À l'issue de six mois de travail, la Commission européenne a tenu son engagement en présentant sa stratégie pour le marché unique numérique (MUN). Bien que ses membres se soient empressés de souligner qu'il ne s'agit pas là d'une fin mais plutôt du début d'un long parcours, nous disposons à présent d'un aperçu des priorités et orientations de la Commission.

Le secteur de la cybersécurité milite depuis longtemps en faveur d'une intégration, dès le départ et non a posteriori, d'une réflexion sur la sécurité dans toute planification d'une stratégie concernant le monde numérique. Il est donc encourageant de constater que, parmi les 16 priorités exposées dans la stratégie du MUN, la Commission ait reconnu et affirmé un engagement à renforcer la confiance dans les services numériques, ce à quoi elle espère parvenir en renforçant les mesures de cybersécurité.

Soit, ce n'est pas la première fois que nous observons un engagement de la Commission à renforcer les capacités de lutte contre la cybercriminalité en Europe mais nous enregistrons aujourd'hui des progrès. Pour s'en convaincre, il suffit de s'intéresser un peu plus aux avantages et aux inconvénients du projet.

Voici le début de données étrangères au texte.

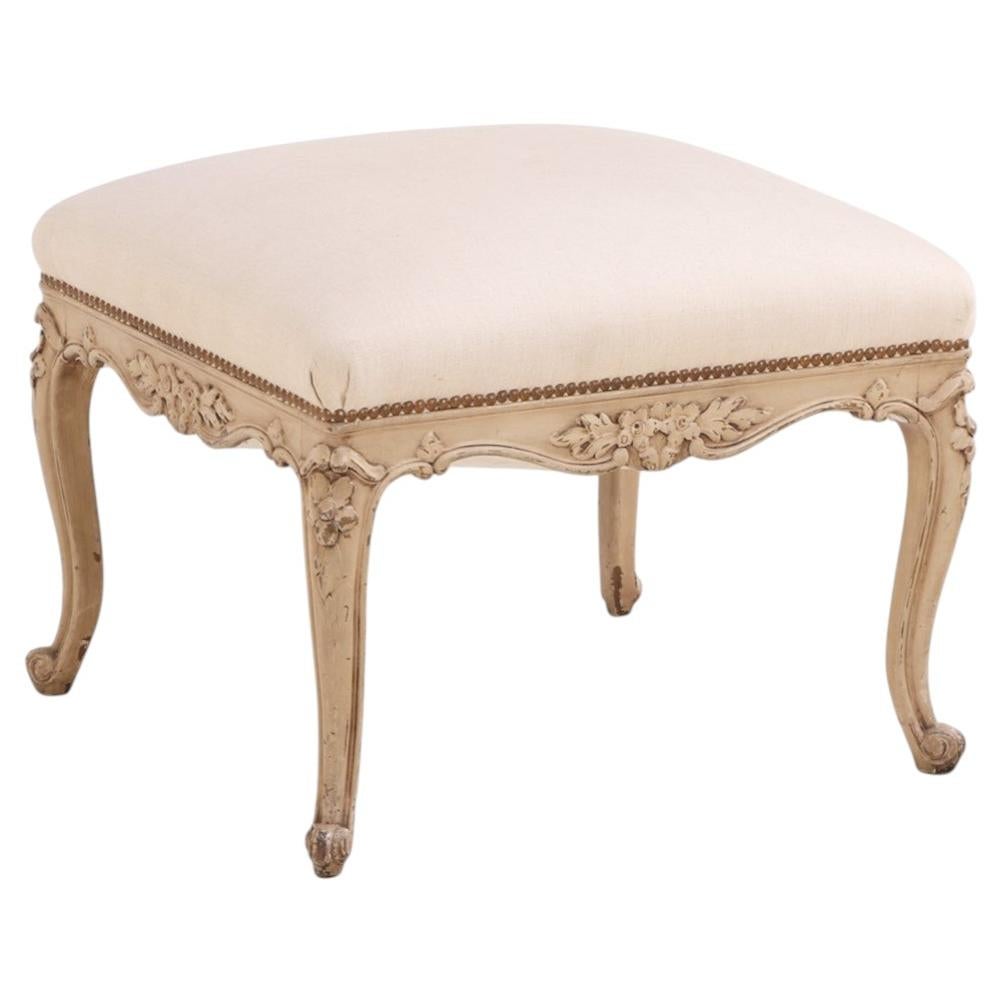 A French Louis XV style painted and carved wood upholstered stool, C. 1900.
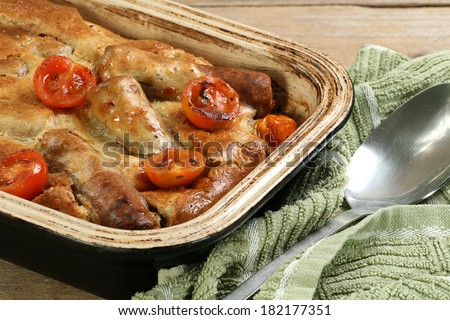 dish of home made toad in the hole sausage batter
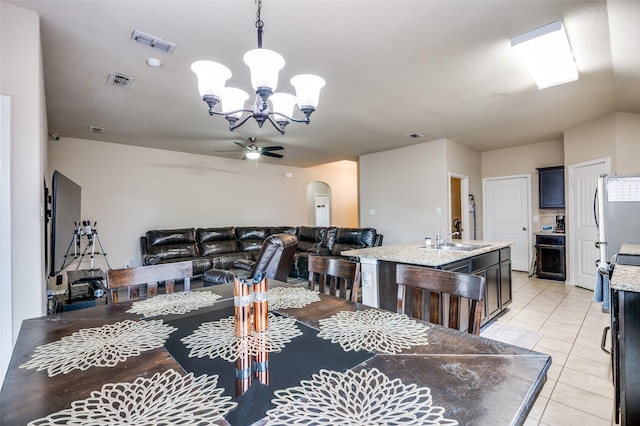 tiled dining space with ceiling fan with notable chandelier and sink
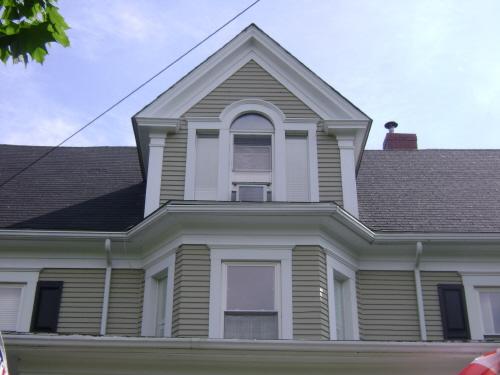 This photograph illustrates the dormer and bay window at the upper sections of the central bay above the entrance, 2008; Town of St. Andrews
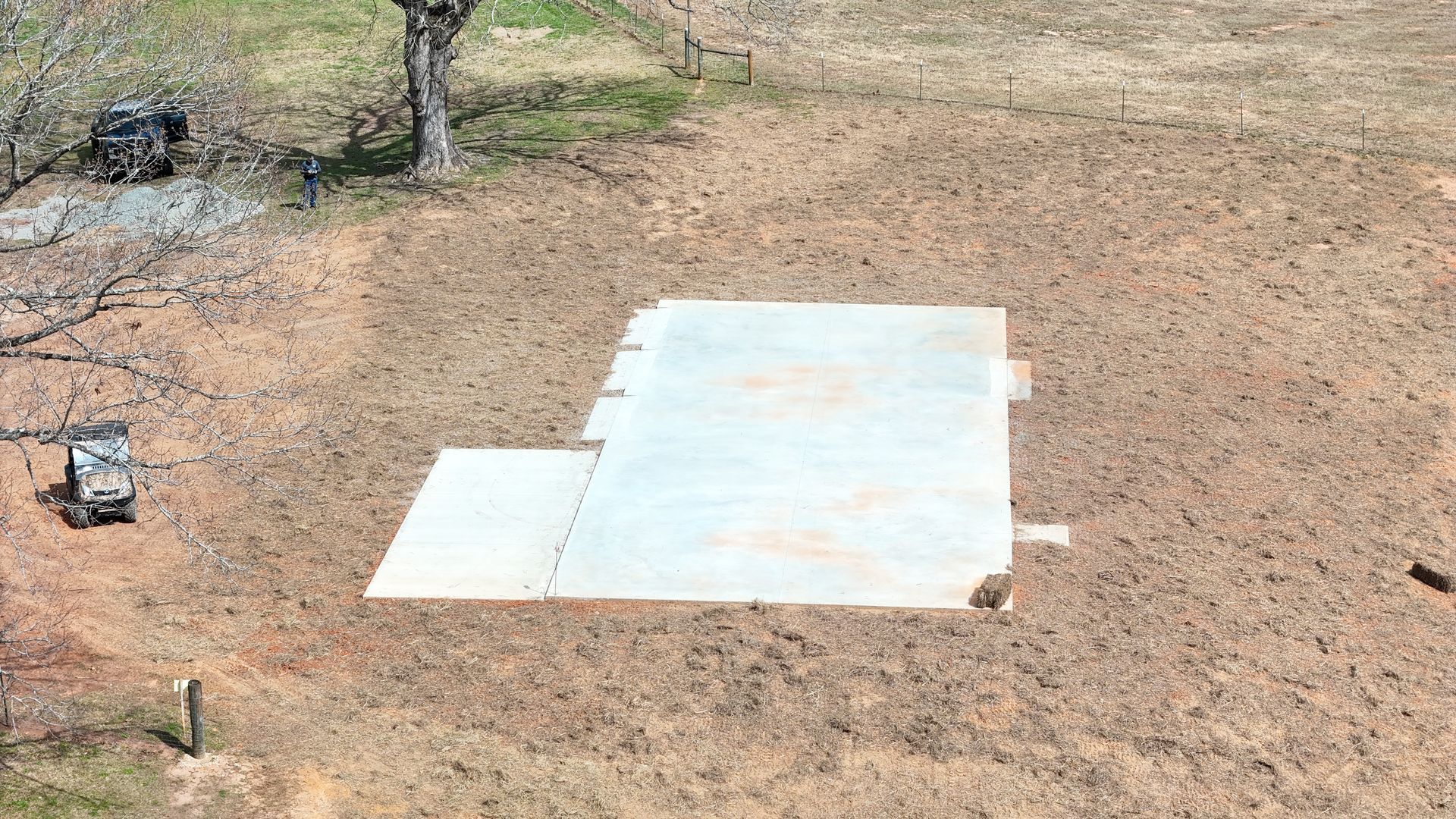 A large piece of concrete is sitting in the middle of a field.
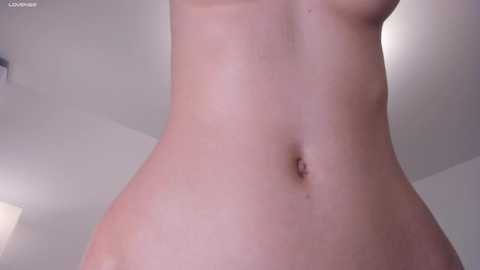 Media: Video of a nude, fair-skinned, slender woman's torso from waist to chest, showing a smooth, hairless body with a small navel. The background is a neutral, softly lit indoor space with white walls and a ceiling.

Le marché européen unique pour le monde numérique facilitera sans doute la vie des plus de 500 millions d'habitants de l'UE, tout en donnant un coup de pouce grandement nécessaire à l'économie numérique européenne. Même du point de vue de la sécurité, cela pourrait permettre de mieux protéger les citoyens de l'UE contre une surveillance par des États extra-européens ainsi que contre une cyberguerre, commanditée par des États ou autres.

Le risque est cependant que certaines des initiatives proposées aboutissent à une Europe plus « fermée ». D'aucuns ont déjà exprimé leurs craintes que le principal objectif de la stratégie ne soit autre que de fournir à l'Europe un moyen de se protéger contre l'avidité des multinationales. Ils voient ainsi dans certains aspects du protectionnisme pur et simple.

Si ces critiques sont fondées, la conjugaison de ces initiatives pourrait se traduire en définitive par une erreur plutôt lourde (et coûteuse) pour un continent qui bénéficie depuis des années de la présence et de la prospérité de ses entreprises technologiques dans le cyberespace ouvert, entre autres Blablacar (France), Skype (Luxembourg), Spotify (Suède), Rovio (Finlande), Booking.com (Pays-Bas) et Prezi (Hongrie).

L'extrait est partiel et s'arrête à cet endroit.